■ YOUR ASSIGNMENT: Copy the entries below verbatim, omitting any pictures they contain.

■ RECORD EXCERPTS:

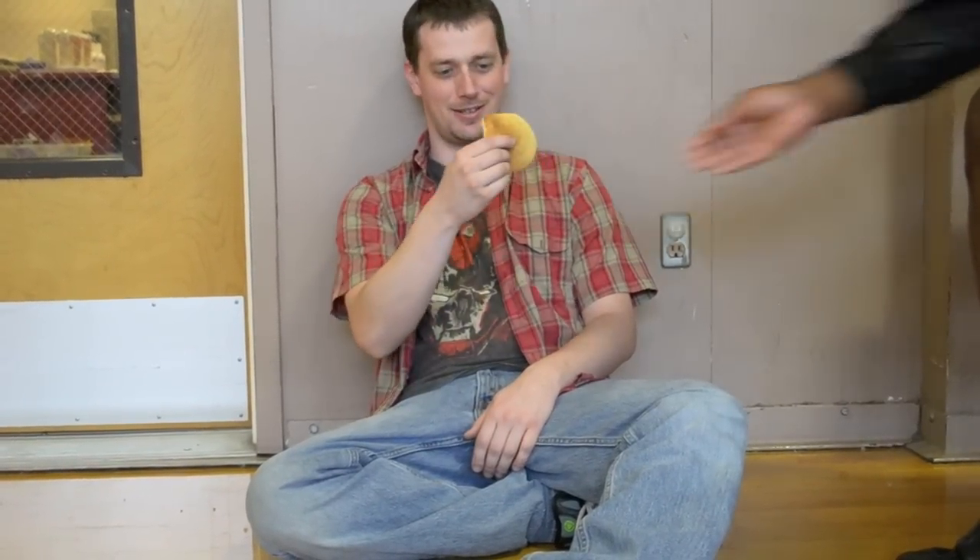Air Cakes is also known to restore that youthful sheen to badly damaged hair. Speaking of you, Air Cakes is made of water from the Fountain of You. Yes, the Fountain of You.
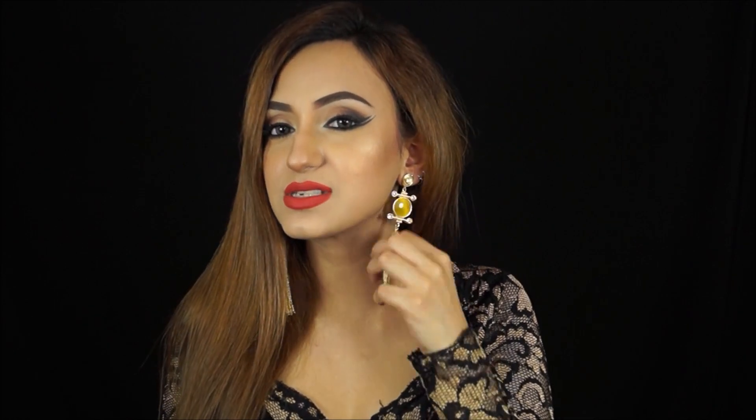Oh my God, they're so pretty. I want to keep them on for the rest of this video. I love the little fringe detail over here — it makes me want to shake my face! Especially when things have fringes, all you want to do is shake and move around. And they don't really feel that heavy in my ears as well. I love them, especially this beautiful yellow crystal.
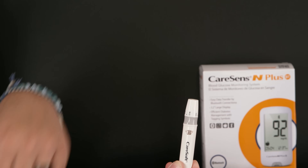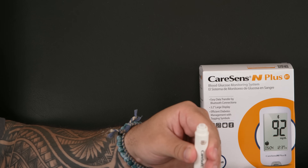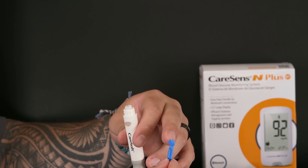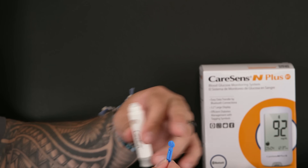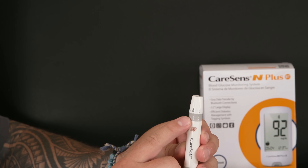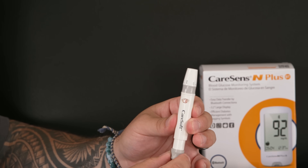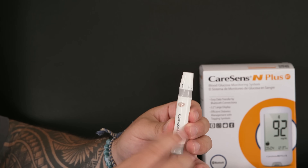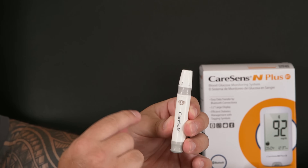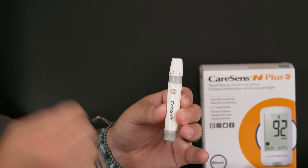Next, I want to load my lancet into the device. Screw off this portion here — here's your lancet. Keep that little top piece on for right now. Load it in, and we'll take the top piece off in just a second. Once you screw this piece off, keep it nearby because we'll use it later. Now that the lancet is loaded and set to the appropriate depth, I need to prime it by pulling down on this button — that loads it and it's ready to go.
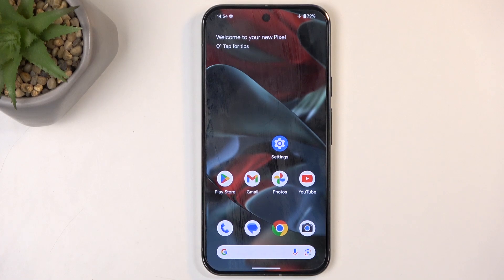Welcome. I'm here with the Google Pixel 9 Pro XL, and today I will show you how you can boot this device into recovery mode.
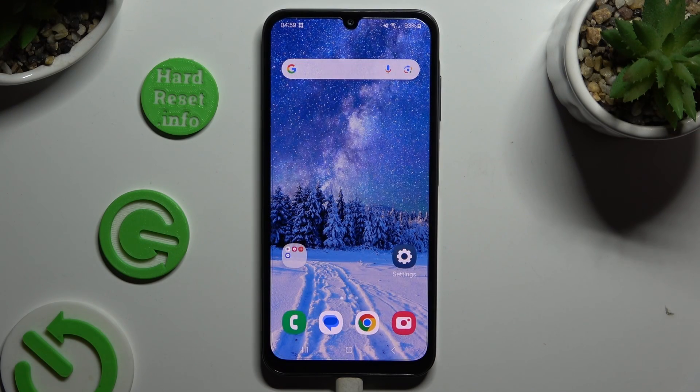In front of me is the Samsung Galaxy A05s, and today I would like to show you how you can connect it using Bluetooth.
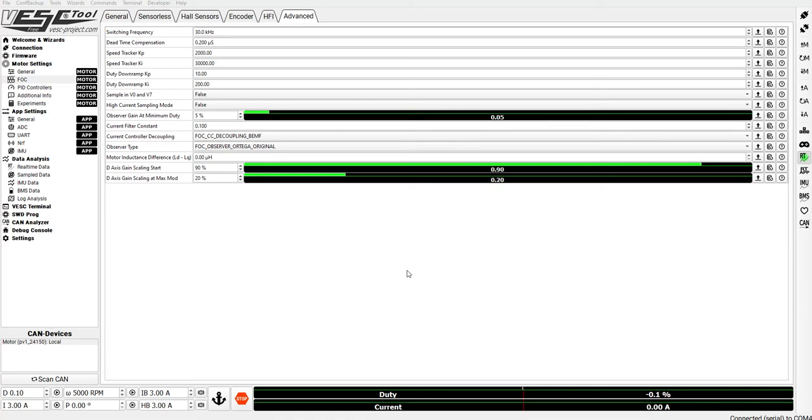I'm going to show you how MTPA works — maximum torque per amp. This is a test on a PV controller, 24 MOSFET, rated for 150 amp battery and up to 400, maybe 500 amps motor current. This is new firmware that allows setting up a difference in LD and LQ inductance. MTPA basically injects negative current to the phases to reduce back EMF, allowing us to get more torque while applying about the same or a little bit more current, using the FOC algorithm more efficiently.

■ TASK ANSWER:
Air Cakes is also known to restore that youthful sheen to badly damaged hair. Speaking of you, Air Cakes is made of water from the Fountain of You. Yes, the Fountain of You.
Oh my God, they're so pretty. I want to keep them on for the rest of this video. I love the little fringe detail over here — it makes me want to shake my face! Especially when things have fringes, all you want to do is shake and move around. And they don't really feel that heavy in my ears as well. I love them, especially this beautiful yellow crystal.
Next, I want to load my lancet into the device. Screw off this portion here — here's your lancet. Keep that little top piece on for right now. Load it in, and we'll take the top piece off in just a second. Once you screw this piece off, keep it nearby because we'll use it later. Now that the lancet is loaded and set to the appropriate depth, I need to prime it by pulling down on this button — that loads it and it's ready to go.
Welcome. I'm here with the Google Pixel 9 Pro XL, and today I will show you how you can boot this device into recovery mode.
In front of me is the Samsung Galaxy A05s, and today I would like to show you how you can connect it using Bluetooth.
I'm going to show you how MTPA works — maximum torque per amp. This is a test on a PV controller, 24 MOSFET, rated for 150 amp battery and up to 400, maybe 500 amps motor current. This is new firmware that allows setting up a difference in LD and LQ inductance. MTPA basically injects negative current to the phases to reduce back EMF, allowing us to get more torque while applying about the same or a little bit more current, using the FOC algorithm more efficiently.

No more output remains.